Inco Submits To CVRD Offer

Vancouver — Inco’s board (N-T, N-N) has finally capitulated, recommending shareholders tender to Companhia Vale do Rio Doce’s (RIO-N) all-cash offer of $86.00 per share for the company.

The move marks the end of an era for the Canadian nickel giant, which has operated for more than a century, enjoying a position as one of the world’s pre-eminent producers of the metal. It is now considered highly unlikely any other bids will emerge to trump that of Brazilian iron ore giant CVRD, which has extended its offer until mid-October to allow for final regulatory clearances.

Until early September, Inco’s board supported a proposed merger with Phelps Dodge (PD-N) but shareholders clearly did not and the pair moved on.
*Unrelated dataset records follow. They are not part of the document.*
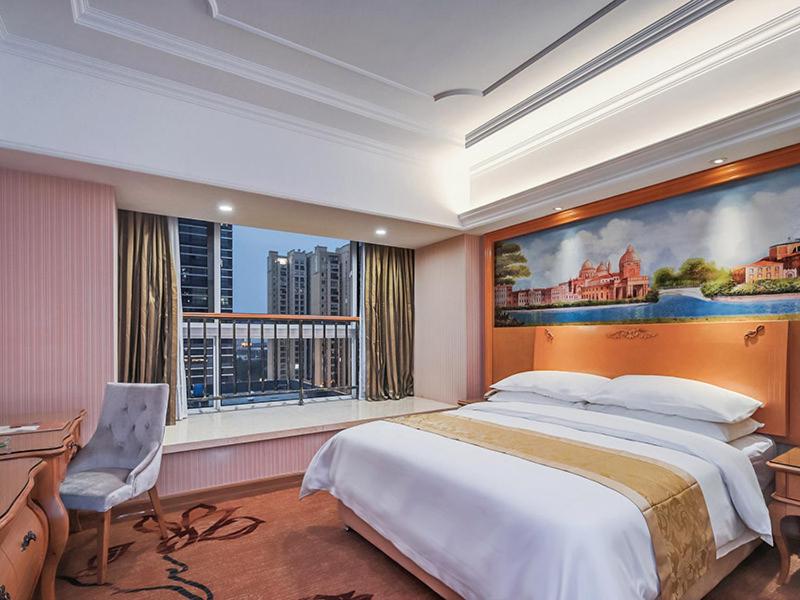 Vienna International Hotel (Wuxi Huishan Yanqiao Metro Station) 12/25
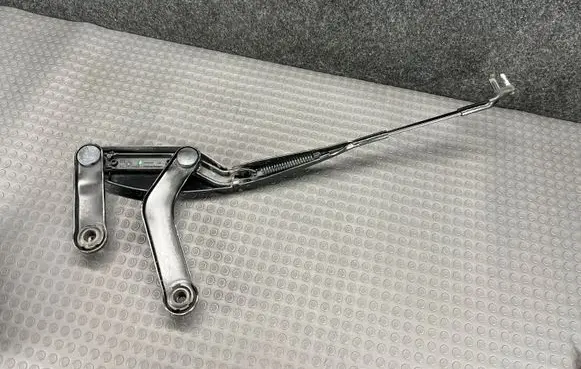 Mercedes-Benz S W220 Front wiper blade arm A2208200044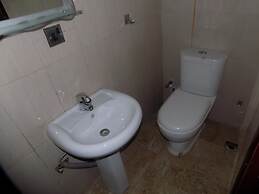 Moongate Hotel and Suites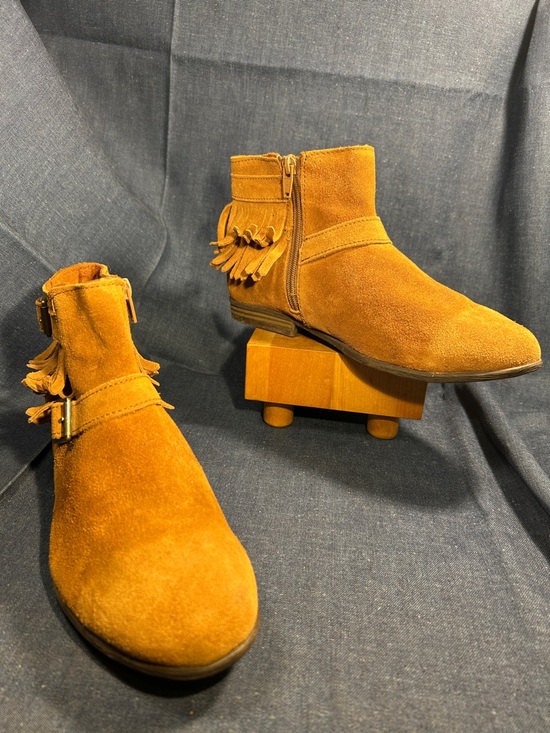 Minnetonka Shoes - Minnetonka leather ankle booties moccasins with fringe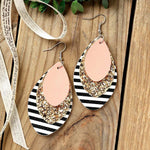 Cargar imagen en el visor de la galería, 3 Layered Plaid and Sequin Christmas Leather Earrings
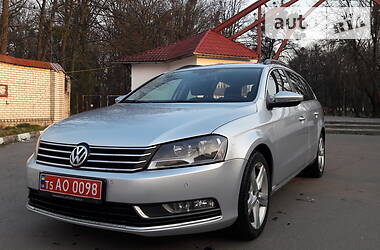 Універсал Volkswagen Passat 2011 в 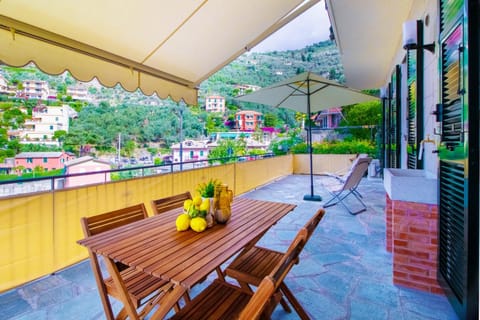 IL MANDORLO Apartment Apartment in Recco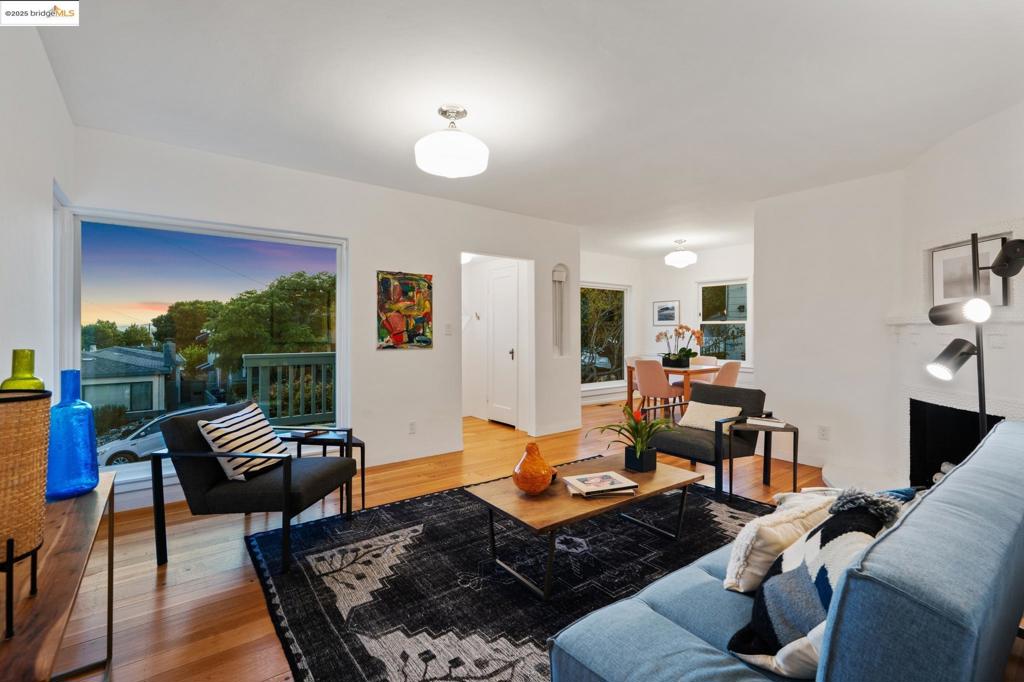 1736 Santa Clara St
The failure to consummate the deal cost Inco an initial US$125-million break fee with an additional US$350 million payable to the Arizona-based copper giant should another company purchase Inco within a year — almost a certainty with CVRD’s bid.

Inco’s friendly merger plan with fellow Canadian nickel major Falconbridge also dissolved this year when its Sudbury basin neighbour was acquired by Swiss-based Xstrata (XSRAF-O, XTA-L).

Another rival bid for Inco by Vancouver-based Teck Cominco (TCK.B-T, TCK-N) died in mid-August when it became apparent the diversified miner could not quickly raise the $5.7 billion necessary to boost its bid to the $89.00-per-share level.

CVRD’s $19.4-billion offer is conditional on at least two-thirds of Inco’s fully diluted shares being tendered, but since it has the nod from the board and no other rivals have emerged, it looks likely to succeed. By pulling Inco under its wing, CVRD stands to benefit from the strong nickel market of late, plus gain the technical expertise to boost planned output from a couple of large nickel-laterite projects under development in Brazil.

Shares of Inco settled in a tight range around $85.00 on TSX trading following the board’s announcement.